> **EXERCISE AIM**
Everything below from the line with "Audi Q2 — Фото автомобиля 14" through the line with "Os estudantes de" should be copied exactly, and nothing else; leave out the pictures.
*** Opening of MATERIAL PROVIDED ***
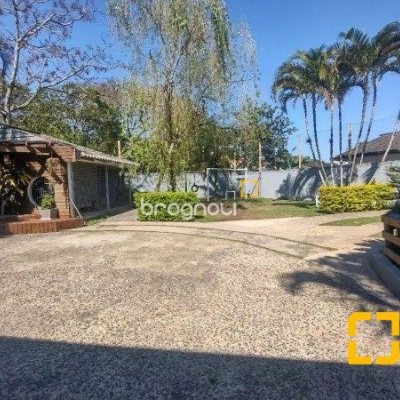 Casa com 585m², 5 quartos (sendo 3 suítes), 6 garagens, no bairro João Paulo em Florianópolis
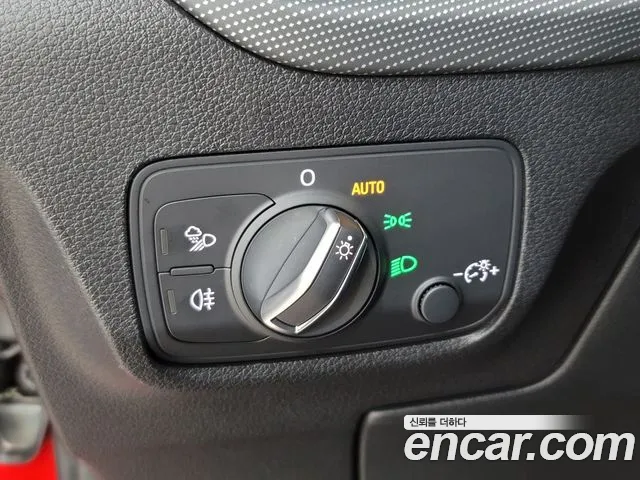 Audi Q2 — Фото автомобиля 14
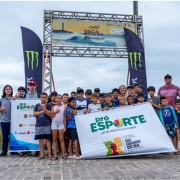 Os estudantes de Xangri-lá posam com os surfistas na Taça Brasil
*** Close of MATERIAL PROVIDED ***
*** Opening of MATERIAL PROVIDED ***
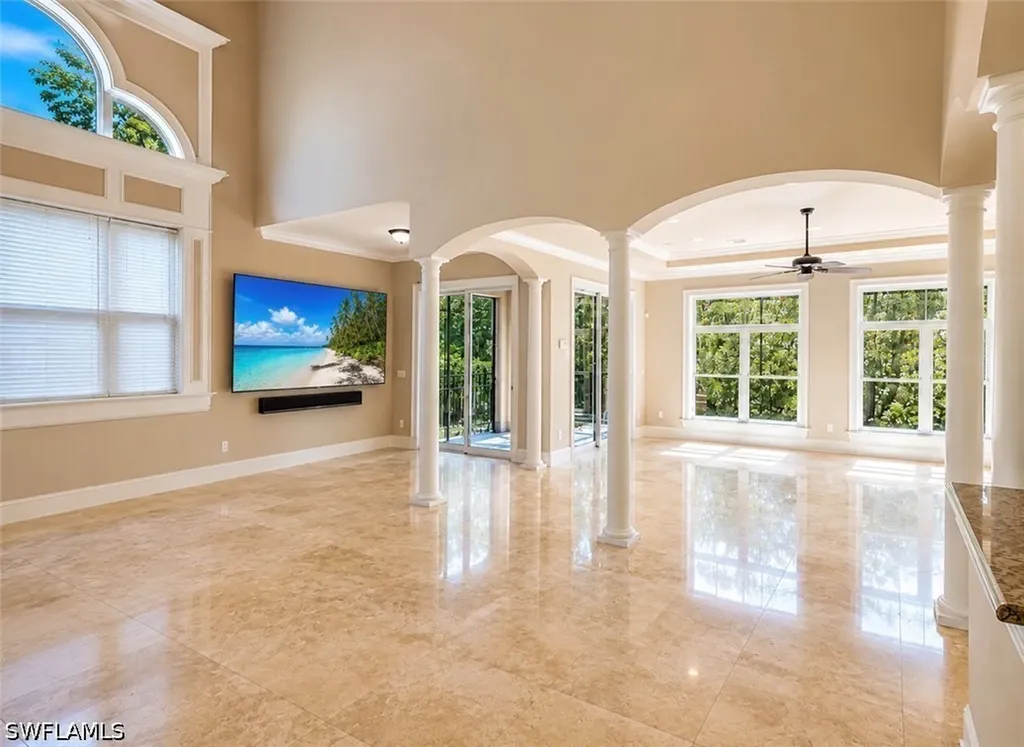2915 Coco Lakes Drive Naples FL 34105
*** Close of MATERIAL PROVIDED ***
> **PROBLEM SOLUTION**
 Audi Q2 — Фото автомобиля 14
 Os estudantes de Xangri-lá posam com os surfistas na Taça Brasil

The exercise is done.